There will always be ambiguous cases and the potential for human error. But
it would be a big step forward in terms of our ability to differentiate
entities and convey useful information about them.


On Tue, Oct 26, 2010 at 9:29 AM, Mike Tribby
<[log in to unmask]>wrote:

> While I appreciate Stephen's reasoning and his careful handling of this
> topic, I would suggest that the setting in which one practices might be a
> determinant in the orderliness of the consideration of when authors of
> diverse topics seem likely to be the same person. That being said, though,
> if we had other information carefully and reasonably assembled, improvements
> in our ability to match authors would be significantly improved. A lot of
> the new or unknown authors with which we deal in a mostly popular materials
> environment are identified by their publishers with the kind of information
> not usually allowed in headings such as where they live, with whom they
> live, and precisely which kind of Lab or other retriever they favor for
> canine companionship.
> Any strategy we allow will have some potential for misconstruing authors'
> identities, including the present rules. Stephen, how would the heading for
> our goat/paper airplane author look in a search result? "Smith, Joe, paper
> airplane/goat guy"? Would we be expecting patrons to click on a name heading
> to see what factors led us to believe that person was the author of the work
> represented by the bib record? If we're not using dates or fuller forms of
> names, what differentiation would be present in the record? I'm hoping it
> won't be the less than helpful (IMNSHO) and frequently wrong numerical
> designations of IMDb-- but what else?
> Mike Tribby
> Senior Cataloger
> Quality Books Inc.
> The Best of America's Independent Presses
> mailto:[log in to unmask]
> -----Original Message-----
> From: Program for Cooperative Cataloging [mailto:[log in to unmask]]

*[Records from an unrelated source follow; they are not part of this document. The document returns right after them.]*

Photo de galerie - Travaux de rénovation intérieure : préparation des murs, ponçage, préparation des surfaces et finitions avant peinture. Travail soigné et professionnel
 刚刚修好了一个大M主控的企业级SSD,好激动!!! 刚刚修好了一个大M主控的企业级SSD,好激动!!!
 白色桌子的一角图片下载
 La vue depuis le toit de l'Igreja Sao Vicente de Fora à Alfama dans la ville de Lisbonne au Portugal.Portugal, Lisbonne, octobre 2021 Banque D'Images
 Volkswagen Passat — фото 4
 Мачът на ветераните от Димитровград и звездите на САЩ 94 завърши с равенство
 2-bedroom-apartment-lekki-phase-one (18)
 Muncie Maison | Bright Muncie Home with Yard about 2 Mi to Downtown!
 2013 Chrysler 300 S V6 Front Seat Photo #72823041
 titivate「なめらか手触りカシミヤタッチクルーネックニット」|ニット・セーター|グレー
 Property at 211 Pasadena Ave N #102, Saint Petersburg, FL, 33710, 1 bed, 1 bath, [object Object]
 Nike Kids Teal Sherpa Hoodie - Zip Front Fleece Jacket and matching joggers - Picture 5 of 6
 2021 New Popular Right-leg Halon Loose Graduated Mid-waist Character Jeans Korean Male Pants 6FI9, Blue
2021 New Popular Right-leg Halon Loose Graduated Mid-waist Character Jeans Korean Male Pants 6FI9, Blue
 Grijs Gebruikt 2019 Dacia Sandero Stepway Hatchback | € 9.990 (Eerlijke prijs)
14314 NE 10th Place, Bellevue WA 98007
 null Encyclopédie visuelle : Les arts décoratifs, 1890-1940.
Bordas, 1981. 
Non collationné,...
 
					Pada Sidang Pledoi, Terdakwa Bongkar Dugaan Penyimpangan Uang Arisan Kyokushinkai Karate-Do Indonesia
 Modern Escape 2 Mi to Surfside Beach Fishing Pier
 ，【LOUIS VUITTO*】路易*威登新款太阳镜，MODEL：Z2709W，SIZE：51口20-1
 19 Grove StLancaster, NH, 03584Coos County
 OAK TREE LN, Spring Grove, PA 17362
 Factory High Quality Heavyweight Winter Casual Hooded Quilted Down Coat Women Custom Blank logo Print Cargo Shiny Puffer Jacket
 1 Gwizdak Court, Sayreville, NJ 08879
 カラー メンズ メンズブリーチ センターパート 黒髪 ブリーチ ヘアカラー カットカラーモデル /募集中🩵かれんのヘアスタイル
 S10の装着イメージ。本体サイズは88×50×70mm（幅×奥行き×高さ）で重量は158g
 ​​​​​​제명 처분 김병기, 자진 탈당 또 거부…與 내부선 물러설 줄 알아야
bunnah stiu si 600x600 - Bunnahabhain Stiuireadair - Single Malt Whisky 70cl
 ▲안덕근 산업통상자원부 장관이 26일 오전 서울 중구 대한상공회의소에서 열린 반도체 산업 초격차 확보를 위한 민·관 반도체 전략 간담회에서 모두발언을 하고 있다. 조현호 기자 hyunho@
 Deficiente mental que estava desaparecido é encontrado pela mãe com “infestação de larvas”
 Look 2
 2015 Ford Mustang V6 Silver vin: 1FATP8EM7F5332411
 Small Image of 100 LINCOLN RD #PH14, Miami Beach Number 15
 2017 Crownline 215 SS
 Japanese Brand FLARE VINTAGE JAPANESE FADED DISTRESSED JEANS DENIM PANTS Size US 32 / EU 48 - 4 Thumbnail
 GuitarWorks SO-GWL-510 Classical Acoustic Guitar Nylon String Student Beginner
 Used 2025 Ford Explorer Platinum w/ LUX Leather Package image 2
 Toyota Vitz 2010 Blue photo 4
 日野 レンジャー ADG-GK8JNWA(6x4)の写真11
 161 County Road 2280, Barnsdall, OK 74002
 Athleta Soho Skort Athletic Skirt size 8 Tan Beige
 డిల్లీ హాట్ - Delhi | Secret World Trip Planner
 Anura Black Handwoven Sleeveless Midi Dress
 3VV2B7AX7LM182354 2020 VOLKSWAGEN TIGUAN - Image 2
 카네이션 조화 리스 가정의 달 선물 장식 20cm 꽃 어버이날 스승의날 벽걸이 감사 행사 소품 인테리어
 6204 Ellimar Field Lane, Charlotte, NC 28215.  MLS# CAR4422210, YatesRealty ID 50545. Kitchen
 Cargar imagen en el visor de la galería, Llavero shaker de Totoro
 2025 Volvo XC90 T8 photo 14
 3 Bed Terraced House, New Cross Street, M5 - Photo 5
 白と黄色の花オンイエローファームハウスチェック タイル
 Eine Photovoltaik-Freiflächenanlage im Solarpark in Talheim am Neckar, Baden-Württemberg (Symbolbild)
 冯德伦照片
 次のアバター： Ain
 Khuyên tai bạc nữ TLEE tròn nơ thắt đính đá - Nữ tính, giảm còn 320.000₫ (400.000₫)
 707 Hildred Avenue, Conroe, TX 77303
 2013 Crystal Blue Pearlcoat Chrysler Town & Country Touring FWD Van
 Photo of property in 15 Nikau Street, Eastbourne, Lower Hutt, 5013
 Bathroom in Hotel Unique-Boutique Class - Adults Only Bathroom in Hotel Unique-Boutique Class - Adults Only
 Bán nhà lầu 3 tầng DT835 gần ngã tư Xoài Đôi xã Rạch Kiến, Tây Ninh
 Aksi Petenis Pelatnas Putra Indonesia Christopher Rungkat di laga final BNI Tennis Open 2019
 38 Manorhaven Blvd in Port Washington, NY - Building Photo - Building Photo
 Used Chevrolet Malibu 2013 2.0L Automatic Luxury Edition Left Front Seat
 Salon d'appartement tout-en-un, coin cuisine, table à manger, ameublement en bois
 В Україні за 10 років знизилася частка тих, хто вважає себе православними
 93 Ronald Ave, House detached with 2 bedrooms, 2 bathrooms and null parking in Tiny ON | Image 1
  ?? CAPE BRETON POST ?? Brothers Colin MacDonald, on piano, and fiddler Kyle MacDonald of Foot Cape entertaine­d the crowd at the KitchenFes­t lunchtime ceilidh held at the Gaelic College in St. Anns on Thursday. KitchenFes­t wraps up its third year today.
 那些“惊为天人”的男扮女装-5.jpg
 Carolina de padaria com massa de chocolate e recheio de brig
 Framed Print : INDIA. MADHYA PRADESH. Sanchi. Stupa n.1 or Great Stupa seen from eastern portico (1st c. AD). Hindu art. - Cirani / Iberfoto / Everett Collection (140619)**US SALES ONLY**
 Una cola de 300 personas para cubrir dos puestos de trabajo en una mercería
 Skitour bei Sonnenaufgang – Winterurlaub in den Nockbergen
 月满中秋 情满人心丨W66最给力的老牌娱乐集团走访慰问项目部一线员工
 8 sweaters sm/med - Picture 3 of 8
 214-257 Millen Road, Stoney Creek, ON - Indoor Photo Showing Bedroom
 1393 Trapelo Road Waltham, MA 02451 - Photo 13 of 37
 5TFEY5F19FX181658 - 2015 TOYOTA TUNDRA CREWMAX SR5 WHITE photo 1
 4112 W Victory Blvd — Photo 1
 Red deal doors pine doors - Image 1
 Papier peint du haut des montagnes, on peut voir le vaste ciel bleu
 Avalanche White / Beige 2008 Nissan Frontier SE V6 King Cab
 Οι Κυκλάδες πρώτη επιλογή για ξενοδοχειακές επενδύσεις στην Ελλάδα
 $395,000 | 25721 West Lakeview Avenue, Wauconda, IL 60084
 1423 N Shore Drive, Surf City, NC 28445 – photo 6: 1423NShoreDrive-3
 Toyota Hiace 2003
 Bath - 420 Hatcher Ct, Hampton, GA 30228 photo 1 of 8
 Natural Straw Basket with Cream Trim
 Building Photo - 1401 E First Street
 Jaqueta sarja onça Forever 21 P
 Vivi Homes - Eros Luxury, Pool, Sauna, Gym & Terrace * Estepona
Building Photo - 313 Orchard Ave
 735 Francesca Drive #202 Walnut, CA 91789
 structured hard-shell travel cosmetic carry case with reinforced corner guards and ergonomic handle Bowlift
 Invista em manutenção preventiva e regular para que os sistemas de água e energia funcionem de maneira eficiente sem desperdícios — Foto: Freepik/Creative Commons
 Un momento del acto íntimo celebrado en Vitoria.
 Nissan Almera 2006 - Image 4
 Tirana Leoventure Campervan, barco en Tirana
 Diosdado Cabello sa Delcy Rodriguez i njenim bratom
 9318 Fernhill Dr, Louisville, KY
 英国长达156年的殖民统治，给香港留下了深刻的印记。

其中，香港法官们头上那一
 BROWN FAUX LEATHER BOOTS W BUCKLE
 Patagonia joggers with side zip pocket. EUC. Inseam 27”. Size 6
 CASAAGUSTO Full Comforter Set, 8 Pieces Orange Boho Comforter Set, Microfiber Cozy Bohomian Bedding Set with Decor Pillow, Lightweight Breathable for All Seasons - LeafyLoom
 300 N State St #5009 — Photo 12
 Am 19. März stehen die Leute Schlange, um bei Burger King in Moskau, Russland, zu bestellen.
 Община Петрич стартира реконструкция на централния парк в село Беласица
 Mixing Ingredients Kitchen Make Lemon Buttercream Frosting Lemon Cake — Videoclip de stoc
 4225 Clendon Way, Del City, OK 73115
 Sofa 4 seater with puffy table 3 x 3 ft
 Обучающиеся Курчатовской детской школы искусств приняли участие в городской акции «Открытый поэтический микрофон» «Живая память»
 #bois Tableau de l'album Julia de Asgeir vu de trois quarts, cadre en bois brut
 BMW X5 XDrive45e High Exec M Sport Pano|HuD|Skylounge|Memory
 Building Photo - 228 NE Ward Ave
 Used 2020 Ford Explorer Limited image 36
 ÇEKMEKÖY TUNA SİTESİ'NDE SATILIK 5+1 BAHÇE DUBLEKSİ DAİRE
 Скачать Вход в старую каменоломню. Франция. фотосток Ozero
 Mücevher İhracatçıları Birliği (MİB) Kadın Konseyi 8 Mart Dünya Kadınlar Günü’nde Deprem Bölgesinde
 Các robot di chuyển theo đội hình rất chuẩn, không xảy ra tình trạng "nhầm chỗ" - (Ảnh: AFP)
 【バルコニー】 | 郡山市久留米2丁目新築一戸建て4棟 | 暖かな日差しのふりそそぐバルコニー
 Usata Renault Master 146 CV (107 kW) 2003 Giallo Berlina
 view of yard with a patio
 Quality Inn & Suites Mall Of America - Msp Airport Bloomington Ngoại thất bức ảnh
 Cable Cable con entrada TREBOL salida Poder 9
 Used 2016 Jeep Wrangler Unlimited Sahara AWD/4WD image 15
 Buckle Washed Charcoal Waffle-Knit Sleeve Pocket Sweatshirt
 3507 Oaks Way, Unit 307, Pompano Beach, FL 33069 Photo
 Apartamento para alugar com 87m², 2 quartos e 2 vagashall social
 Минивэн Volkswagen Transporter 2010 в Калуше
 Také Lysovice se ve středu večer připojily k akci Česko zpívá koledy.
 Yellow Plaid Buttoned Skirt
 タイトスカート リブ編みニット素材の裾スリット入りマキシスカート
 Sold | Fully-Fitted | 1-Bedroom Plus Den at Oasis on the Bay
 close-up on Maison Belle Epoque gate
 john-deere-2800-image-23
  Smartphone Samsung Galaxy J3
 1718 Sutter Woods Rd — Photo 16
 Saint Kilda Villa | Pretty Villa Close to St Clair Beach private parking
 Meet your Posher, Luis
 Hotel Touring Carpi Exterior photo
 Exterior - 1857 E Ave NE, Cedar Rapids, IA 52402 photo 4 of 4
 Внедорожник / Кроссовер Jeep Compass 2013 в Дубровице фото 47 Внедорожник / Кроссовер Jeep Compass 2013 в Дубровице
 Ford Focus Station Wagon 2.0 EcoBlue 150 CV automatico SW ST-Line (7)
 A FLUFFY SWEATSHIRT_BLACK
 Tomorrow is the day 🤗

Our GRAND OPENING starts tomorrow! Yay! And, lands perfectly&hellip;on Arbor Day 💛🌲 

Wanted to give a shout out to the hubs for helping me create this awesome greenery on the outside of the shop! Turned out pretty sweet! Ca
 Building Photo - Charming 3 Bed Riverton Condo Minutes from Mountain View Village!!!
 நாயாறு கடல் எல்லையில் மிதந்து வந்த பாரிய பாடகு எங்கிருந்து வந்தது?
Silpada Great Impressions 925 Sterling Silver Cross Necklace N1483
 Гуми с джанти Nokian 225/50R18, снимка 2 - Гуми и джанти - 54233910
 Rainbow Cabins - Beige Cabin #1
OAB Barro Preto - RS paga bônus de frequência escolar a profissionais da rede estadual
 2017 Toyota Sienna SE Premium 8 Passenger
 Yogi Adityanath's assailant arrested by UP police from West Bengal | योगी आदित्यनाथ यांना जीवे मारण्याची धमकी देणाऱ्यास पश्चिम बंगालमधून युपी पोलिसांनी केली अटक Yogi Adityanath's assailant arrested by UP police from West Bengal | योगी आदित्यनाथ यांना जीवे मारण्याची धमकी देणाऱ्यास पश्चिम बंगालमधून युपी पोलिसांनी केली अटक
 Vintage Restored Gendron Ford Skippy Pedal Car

> On Behalf Of Stephen Hearn
> Sent: Monday, October 25, 2010 5:33 PM
> To: [log in to unmask]
> Subject: Re: Theses name headings and privacy concerns
> Following the example Mike proposes--I have a book on raising angora goats
> published in Spain by author Juan Gomez, and I see an authority record for
> "Gomez, Juan" with the title "Aerodynamics of paper airplane design" in a
> 670. A second look up tells me the 670 book is published in the US. The
> question is, are these the same person? While it's true that I can't
> definitively say they are different people without knowing some unique fact
> for both of them, e.g., that they have different birth dates, I can
> nevertheless use cataloger's judgment, which tells me that it's highly
> likely that these are two people. My contention is that our accuracy rate
> for correctly distinguishing people with common names would be significantly
> better if we had rules in place that enabled us to make and apply such
> judgments, rather than bundling persons we are virtually certain are
> different people onto undifferentiated authorities. In practice, it's rare
> to see anyone left on an undifferentiated authority when a date is
> discovered for the person. By Mike's reasoning, if I found the plane
> designer and the goat raiser sharing an undifferentiated authority and then
> found a date for the goat raiser, I could do nothing--I still wouldn't have
> definitive proof that they're different people. But in practice, such date
> discoveries regularly account for the creation of a new, unique authority,
> as the PERSNAME-L list attests. We do use judgment in these cases when the
> rules allow us to. Separating heading strings from differentiation would
> enable us to apply such judgment in all cases.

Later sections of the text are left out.